**EXERCISE GOAL:**
Up to and including the line with "Life is Bean, Sip and Survive! T-Shirt", repeat every line of the listing exactly, beginning at the first.

**DATA LISTING:**
+---+
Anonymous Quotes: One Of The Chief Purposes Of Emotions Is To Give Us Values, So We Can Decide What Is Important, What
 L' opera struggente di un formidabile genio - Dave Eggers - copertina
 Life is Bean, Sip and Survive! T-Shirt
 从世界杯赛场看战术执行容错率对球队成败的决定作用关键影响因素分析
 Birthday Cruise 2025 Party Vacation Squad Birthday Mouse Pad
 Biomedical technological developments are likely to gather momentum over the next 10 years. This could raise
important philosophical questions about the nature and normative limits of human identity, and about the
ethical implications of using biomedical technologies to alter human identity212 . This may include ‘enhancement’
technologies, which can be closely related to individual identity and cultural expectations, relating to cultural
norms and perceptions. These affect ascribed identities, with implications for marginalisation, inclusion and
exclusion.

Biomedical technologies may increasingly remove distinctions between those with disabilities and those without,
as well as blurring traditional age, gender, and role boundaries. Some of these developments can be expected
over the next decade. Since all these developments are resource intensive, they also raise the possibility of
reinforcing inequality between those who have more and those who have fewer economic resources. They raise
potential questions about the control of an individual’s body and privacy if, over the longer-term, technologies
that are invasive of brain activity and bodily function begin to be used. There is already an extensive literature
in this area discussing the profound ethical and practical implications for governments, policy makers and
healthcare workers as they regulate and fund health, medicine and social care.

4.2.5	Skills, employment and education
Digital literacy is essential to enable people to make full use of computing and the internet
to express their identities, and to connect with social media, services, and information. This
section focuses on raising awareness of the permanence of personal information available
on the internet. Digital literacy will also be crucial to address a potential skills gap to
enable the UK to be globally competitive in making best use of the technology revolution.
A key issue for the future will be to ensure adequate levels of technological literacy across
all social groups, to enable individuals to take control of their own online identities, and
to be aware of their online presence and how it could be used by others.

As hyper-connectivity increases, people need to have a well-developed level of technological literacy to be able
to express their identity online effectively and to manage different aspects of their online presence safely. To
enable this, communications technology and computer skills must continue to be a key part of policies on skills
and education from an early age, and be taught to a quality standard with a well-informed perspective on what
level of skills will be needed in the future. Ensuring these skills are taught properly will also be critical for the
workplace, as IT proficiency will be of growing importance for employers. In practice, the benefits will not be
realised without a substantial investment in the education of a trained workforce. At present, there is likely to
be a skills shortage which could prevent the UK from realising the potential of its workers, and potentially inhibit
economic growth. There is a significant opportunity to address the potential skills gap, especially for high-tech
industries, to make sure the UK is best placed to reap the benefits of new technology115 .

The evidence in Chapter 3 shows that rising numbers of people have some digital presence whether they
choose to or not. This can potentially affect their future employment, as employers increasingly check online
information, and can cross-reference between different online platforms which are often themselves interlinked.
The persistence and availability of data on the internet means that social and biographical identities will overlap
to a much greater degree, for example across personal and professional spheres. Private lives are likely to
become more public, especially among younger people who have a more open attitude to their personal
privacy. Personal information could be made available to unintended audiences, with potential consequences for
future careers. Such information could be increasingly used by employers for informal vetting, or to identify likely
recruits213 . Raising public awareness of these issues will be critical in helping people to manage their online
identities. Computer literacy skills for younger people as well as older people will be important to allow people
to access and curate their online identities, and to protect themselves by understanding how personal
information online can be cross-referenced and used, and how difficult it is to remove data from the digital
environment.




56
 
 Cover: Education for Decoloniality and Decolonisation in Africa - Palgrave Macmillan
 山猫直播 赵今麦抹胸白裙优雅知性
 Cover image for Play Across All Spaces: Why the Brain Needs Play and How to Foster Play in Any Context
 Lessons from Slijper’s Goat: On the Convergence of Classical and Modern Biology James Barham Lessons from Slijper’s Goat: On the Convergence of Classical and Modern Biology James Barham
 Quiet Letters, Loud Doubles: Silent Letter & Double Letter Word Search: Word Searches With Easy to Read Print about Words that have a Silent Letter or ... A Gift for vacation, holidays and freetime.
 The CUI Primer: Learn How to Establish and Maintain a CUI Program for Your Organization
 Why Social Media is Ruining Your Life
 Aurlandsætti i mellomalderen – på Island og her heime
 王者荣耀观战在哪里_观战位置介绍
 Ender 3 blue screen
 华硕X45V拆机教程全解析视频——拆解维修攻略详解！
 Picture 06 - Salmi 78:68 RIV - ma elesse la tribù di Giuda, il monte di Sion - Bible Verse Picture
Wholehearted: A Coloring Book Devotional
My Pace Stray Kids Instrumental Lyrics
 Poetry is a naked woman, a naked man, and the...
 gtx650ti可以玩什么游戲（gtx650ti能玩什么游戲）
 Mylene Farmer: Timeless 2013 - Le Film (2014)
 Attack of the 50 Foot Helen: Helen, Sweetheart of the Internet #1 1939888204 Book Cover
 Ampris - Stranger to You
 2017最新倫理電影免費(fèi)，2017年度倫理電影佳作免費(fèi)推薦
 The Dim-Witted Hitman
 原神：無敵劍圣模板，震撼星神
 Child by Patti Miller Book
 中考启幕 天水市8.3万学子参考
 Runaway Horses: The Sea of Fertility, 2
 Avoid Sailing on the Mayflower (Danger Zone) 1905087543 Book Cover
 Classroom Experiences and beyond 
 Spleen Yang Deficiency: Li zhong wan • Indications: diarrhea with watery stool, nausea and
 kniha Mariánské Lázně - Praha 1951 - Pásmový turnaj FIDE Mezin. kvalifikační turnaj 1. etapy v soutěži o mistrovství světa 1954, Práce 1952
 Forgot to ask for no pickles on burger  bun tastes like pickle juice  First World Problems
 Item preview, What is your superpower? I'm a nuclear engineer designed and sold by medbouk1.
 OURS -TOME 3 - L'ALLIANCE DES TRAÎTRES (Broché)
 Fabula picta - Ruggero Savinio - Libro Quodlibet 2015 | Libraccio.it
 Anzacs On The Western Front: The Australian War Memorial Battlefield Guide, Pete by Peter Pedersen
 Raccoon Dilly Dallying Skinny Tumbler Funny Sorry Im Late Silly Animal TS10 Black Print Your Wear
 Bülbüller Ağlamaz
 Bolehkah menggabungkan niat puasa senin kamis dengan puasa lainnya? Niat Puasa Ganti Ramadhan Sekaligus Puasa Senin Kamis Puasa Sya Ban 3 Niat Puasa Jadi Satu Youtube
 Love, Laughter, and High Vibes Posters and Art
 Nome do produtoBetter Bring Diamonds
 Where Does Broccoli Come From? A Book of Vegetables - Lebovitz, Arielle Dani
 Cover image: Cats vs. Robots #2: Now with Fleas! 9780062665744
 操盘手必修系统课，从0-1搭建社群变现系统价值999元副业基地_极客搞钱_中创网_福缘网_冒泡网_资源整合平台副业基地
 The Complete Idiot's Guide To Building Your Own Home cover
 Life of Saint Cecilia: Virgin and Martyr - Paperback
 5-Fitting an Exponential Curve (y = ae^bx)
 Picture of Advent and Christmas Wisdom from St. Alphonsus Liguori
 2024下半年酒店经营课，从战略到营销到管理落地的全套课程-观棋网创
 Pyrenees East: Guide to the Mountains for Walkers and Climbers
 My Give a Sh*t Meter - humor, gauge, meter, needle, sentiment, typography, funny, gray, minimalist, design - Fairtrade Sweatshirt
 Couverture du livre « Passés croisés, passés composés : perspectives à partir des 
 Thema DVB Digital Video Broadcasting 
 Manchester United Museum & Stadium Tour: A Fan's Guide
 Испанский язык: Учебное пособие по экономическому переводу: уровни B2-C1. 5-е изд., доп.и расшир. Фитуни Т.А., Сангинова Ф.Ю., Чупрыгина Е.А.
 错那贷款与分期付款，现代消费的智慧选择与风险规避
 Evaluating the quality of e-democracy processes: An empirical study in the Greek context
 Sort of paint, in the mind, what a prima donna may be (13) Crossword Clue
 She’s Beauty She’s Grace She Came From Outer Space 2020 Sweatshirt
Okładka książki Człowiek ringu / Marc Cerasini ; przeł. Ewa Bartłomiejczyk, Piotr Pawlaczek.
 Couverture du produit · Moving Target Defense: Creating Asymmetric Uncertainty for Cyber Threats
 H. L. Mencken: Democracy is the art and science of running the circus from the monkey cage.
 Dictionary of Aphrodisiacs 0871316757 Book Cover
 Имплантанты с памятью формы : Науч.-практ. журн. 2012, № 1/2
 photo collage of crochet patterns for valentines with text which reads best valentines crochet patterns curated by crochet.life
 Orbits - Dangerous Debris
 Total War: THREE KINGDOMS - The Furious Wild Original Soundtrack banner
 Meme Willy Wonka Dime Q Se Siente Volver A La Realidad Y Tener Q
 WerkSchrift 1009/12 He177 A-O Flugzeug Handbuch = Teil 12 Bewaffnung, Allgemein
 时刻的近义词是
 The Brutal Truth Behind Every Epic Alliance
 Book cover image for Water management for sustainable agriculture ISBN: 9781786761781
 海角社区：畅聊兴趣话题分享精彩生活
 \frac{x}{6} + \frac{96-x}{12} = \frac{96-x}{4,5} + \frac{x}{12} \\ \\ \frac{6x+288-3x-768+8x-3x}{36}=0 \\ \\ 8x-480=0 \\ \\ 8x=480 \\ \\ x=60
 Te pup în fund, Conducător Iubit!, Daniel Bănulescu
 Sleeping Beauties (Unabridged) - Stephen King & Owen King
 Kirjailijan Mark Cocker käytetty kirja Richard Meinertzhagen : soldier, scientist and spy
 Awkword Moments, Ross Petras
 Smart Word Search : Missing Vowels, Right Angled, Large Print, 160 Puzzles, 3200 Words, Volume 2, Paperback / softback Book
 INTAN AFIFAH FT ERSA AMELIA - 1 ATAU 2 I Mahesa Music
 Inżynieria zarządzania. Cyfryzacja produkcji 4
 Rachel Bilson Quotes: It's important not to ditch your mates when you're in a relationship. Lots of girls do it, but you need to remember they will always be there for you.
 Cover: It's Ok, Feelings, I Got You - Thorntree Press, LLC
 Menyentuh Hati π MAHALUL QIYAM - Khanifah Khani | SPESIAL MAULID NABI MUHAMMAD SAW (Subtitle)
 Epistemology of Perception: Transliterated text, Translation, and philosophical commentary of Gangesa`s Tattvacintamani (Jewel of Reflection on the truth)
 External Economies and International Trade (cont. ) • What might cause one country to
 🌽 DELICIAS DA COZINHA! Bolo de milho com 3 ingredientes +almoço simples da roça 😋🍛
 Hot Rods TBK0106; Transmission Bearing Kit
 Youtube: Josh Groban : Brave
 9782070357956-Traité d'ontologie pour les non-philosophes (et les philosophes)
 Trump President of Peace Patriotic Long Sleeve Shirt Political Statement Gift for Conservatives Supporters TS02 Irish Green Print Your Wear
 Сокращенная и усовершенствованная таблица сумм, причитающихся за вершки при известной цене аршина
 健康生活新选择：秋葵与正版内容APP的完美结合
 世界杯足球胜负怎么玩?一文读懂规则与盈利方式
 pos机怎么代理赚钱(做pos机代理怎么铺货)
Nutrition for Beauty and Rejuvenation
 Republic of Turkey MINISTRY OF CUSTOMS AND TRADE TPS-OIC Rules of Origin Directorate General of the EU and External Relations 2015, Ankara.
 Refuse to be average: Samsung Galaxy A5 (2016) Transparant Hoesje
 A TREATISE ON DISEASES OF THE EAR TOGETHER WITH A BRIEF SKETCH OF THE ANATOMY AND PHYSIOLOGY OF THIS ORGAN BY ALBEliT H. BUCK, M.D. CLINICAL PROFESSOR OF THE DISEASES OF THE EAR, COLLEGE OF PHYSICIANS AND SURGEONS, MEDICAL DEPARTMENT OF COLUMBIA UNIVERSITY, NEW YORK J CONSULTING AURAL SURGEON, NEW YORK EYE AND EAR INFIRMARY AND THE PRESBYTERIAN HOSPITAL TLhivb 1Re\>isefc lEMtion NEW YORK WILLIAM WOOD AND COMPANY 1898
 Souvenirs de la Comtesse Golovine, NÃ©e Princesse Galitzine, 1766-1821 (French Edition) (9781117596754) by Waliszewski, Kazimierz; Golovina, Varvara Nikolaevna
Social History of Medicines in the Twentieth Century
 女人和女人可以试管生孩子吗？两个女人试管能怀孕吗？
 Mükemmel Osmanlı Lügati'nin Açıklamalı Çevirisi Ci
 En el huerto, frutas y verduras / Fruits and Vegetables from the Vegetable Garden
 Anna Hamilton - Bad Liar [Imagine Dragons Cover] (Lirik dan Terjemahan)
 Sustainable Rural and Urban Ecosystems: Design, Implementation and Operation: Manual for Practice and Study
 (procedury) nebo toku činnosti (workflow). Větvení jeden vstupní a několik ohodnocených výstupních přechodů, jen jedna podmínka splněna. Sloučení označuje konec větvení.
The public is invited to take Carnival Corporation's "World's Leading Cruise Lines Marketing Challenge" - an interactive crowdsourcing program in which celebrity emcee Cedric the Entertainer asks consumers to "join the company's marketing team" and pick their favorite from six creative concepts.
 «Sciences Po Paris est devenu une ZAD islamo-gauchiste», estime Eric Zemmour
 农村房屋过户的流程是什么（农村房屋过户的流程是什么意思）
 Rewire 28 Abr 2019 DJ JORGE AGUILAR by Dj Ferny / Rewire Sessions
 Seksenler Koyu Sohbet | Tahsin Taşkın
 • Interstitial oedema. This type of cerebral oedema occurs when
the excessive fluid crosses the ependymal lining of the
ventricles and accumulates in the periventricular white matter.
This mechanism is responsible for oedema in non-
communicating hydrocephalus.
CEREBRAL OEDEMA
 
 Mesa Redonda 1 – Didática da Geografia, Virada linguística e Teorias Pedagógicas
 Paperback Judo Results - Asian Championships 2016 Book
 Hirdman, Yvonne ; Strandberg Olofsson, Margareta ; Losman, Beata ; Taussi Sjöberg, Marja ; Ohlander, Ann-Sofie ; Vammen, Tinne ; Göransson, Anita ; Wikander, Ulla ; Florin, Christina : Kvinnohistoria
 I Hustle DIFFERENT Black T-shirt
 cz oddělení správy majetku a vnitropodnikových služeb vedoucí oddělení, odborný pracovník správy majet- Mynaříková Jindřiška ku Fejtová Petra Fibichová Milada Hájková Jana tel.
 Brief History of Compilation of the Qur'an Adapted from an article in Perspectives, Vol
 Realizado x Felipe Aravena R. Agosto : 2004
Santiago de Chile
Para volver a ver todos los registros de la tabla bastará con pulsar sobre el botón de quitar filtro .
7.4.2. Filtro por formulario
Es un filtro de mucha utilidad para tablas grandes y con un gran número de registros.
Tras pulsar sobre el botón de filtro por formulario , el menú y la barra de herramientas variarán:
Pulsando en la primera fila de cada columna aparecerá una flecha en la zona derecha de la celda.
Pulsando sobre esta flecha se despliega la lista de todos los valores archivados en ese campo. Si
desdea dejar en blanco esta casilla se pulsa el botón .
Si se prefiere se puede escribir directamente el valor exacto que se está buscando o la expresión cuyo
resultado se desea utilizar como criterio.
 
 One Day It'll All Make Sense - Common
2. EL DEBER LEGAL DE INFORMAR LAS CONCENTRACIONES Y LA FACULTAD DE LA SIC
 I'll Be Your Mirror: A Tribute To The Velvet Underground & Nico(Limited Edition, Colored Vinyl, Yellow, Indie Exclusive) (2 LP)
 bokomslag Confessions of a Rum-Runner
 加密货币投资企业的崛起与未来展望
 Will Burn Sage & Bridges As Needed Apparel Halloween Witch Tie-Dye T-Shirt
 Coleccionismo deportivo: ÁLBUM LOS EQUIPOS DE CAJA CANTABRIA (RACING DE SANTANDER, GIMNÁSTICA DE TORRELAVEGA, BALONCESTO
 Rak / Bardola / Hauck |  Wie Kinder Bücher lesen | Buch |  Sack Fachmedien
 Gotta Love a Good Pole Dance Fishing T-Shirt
+---+
**WRITTEN SOLUTION:**
Anonymous Quotes: One Of The Chief Purposes Of Emotions Is To Give Us Values, So We Can Decide What Is Important, What
 L' opera struggente di un formidabile genio - Dave Eggers - copertina
 Life is Bean, Sip and Survive! T-Shirt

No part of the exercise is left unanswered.